Challenging, yes. Impossible, no.

You can make a long-distance job search work. All it takes is some planning and creative effort.

Here are four ways that others have found work in far-off places. What can you learn from their stories?

1) Borrow a local address
If your resume and cover letters show an out-of-state address, it can count against you -- many employers will look only at local candidates because they don’t want to deal with relocation costs and related factors.

That’s what Jeff Esposito found.

“I began my search by quitting my job in New York and moving back with my parents in New Jersey, to find a position closer to my girlfriend in Boston,” he says.

After a fruitless month applying for out-of-state jobs, Esposito changed course by changing his address. “I replaced the NJ address on my resume with my girlfriend’s in Boston. This increased the number of calls that I received.”

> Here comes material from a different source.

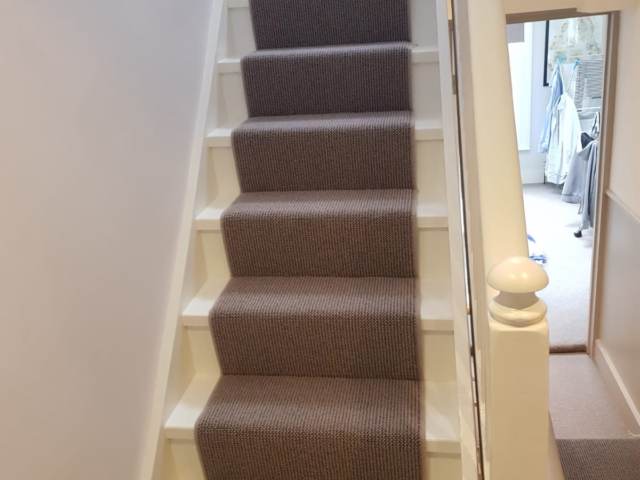 Grey Carpet Runner Installed In Belgravia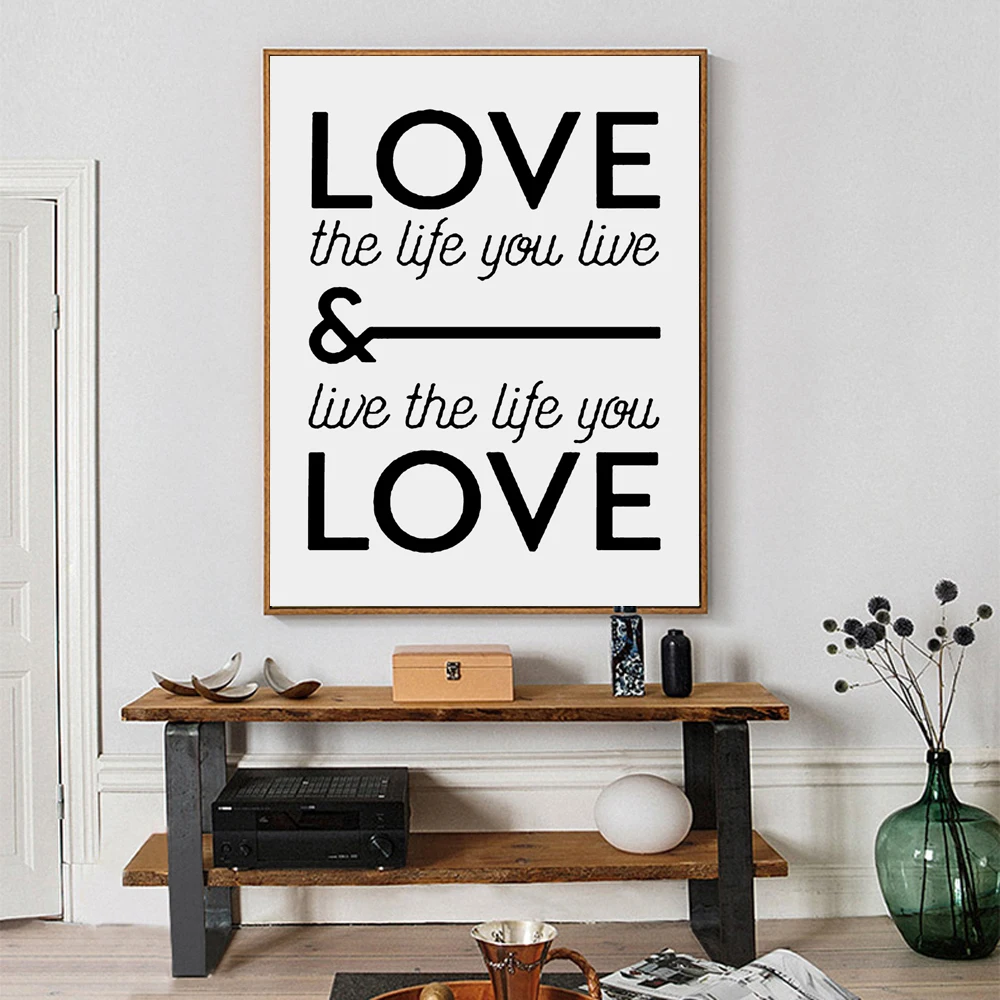 Постер для печати Love the life you live парусиновые рисунки детской комнаты Декор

Questions: Who do you know in or near where you want to work? Could you live with them temporarily should you need to relocate? If so, consider using their address on your resume and cover letters. Keep your existing cell phone number, however, unless you trust others to answer phone calls professionally for you.


2) Take a trip to your destination city
Most employers are unwilling to fly candidates in for job interviews. Why not solve this problem for them?

If you can’t use a local address, be up-front in your cover letter and say that you will be in town on certain days and would like to come in for an interview.

This worked for Taryn Mickus.

“I was living in Washington, DC a few years ago and searching for jobs in New York City,” she says. “I called all of the companies I wanted to interview with and told them I would be in town for only two days and would really like to meet with someone.”

Giving employers a small window of opportunity can nudge them into action because they won’t want to miss out on talking to you. And it gives them another reason to pull your resume out of the pile and examine your qualifications anew.

After setting a date to be in town and asking to meet employers, Mickus got enough interviews to land three job offers in six weeks … and was hired by a NYC public relations firm.

Questions: If you want to work in another city, plan a trip there to meet potential employers. Try to arrange phone interviews before you go, so you can maximize your results by holding second- and third-round interviews in person, after you arrive.